A well-designed steam and water sampling system can give you the critical insights you need to monitor steam and condensate quality, cycle chemistry (power production) and identify potential problems in your Hydrocarbon plant.

Hydrocarbon processes require large amounts of energy, much of which is supplied by steam from onsite boilers, co-generation facilities and local utilities designed to supply excess steam to neighboring facilities.

The efficiency of these processes relies on optimizing heat transfer in processing plants and controlling the inputs to steam production, such as returned condensate and makeup water, and the quality of the steam in processing equipment like heat exchangers.

steam and condensate chemistry

Cycle chemistry monitors and protects any equipment directly involved with condensate, feed water and other aspects of the steam/water cycle, such as boilers, turbines, heating systems and piping. Cycle chemistry monitoring systems help plants maintain steam and water chemistry within operating limits to prevent potentially catastrophic equipment failures.

A well-planned and designed sampling system can help provide the critical insights you need to monitor cycle chemistry.

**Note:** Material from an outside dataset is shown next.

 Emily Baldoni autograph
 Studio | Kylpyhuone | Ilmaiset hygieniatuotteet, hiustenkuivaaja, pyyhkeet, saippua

In co-generation and utility plants, chemistry in the entire steam-water cycle is closely monitored to ensure steam quality and to prevent and control corrosion in the system. Most plants typically monitor chemistry parameters such as:

  • pH
  • Conductivity
  • Cation conductivity 
  • Total Organic Carbon (TOC)

Other parameters can be monitored as well. These will be dependent on system design, metallurgy, water characteristics and boiler chemistry. 

In the past, many of these measurements were taken through the analysis of grab samples sampling points at the pressure reduction valve and sample cooler. But the quality of these measurements was often not representative of the entire process.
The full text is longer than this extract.